You may want to add other coverages to your commercial property policy as well, depending on your business model. As examples, you may want equipment breakdown insurance to cover the repair or replacement of specific valuable equipment due to an electrical or mechanical issue, and business interruption insurance to replace income lost during a forced halt in operations due to a covered physical loss.

Talk to your agent or broker about off-season use and storage of your equipment as well.

Errors and omissions (E&O)

Also known as professional liability, this type of policy protects you if someone accuses you of making a mistake that costs them money or harm, including issues related to negligence, errors in service provided, omissions, misrepresentations or inaccurate advice.

As examples of potential E&O claims, perhaps your employees failed to show up at a client location following a snowfall or they failed to clear all required surfaces,  making it impossible for a client to open for the day. While general liability would not cover these instances because third-party physical damage or personal injury did not occur, E&O coverage could apply.

Workers’ compensation

Most states require employers to carry workers’ compensation insurance. Depending on the number of employees you have, you may need to purchase this insurance to provide for medical expenses and/or lost wages caused by a workplace injury. Note that if you use independent contractors, you need to consult a labor lawyer as well as your insurance professional, since the government is cracking down on misclassification of workers. Depending on how you structure your relationship with contract workers, you could be considered their employer — even if for a very short period of time — and you might need to include them on your workers’ comp policy.

Umbrella insurance

There is always risk of a loss greater than your policy limits. To protect against catastrophic loss, an umbrella policy can provide backup protection by picking up where your primary insurance leaves off. An umbrella policy cannot be used as a replacement for primary policies, but it does allow you to control costs by maintaining lower primary policy limits without leaving yourself exposed, should a large liability claim occur.

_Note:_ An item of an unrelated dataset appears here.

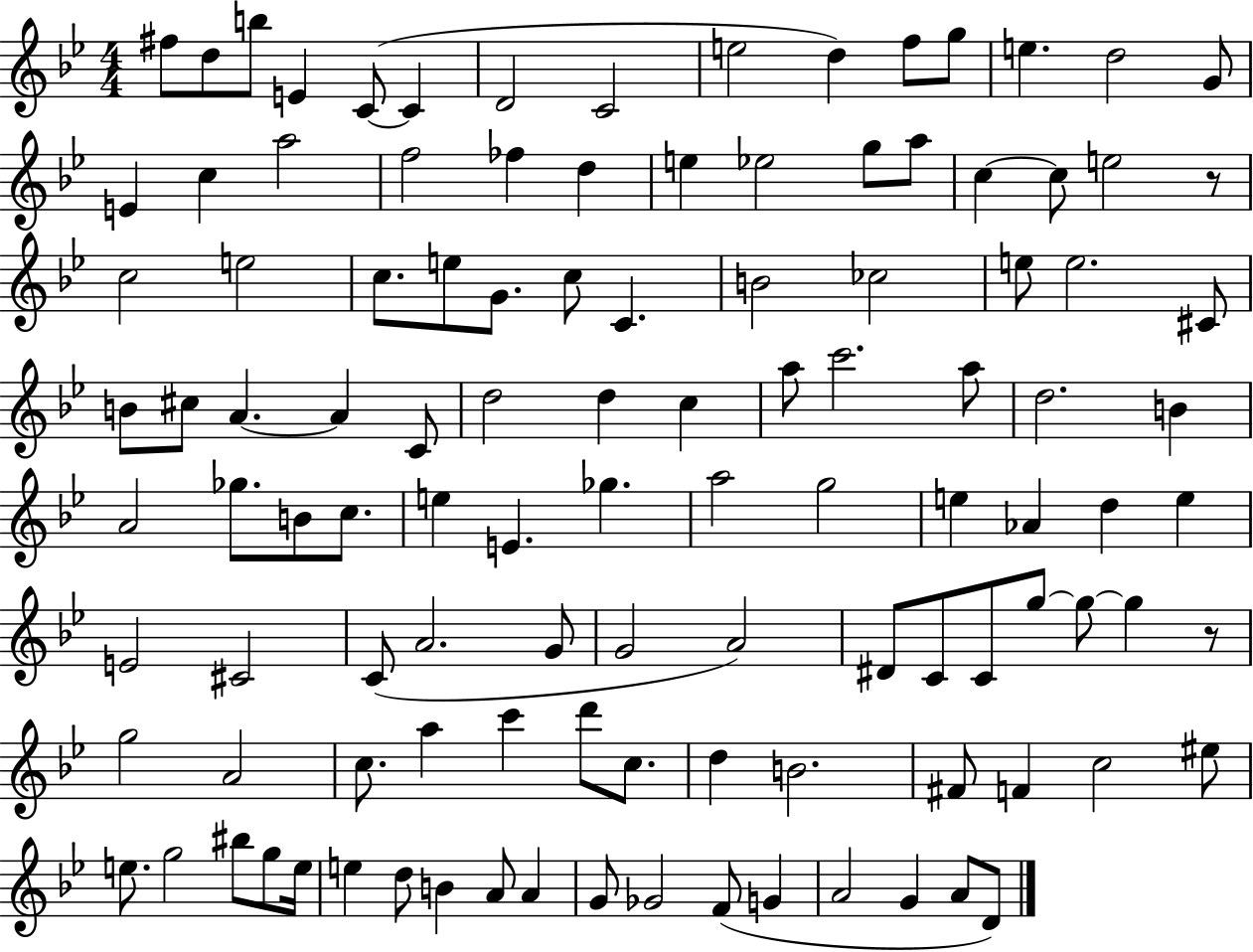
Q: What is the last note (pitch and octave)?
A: D4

Customize your options to get the right coverage

As a snow removal company, you have several options for how to insure your business. The policies discussed above are traditional methods, but there are more innovative products that you may wish to consider.

One is an insurance program specifically designed for snow removal (and lawn care) companies. An insurance program typically bundles multiple coverages for a client so you don’t have to build a full suite piecemeal. There are also business owner policies and insurance package polices that achieve a similar outcome — the fullest protection assembled into a suite specifically for your needs.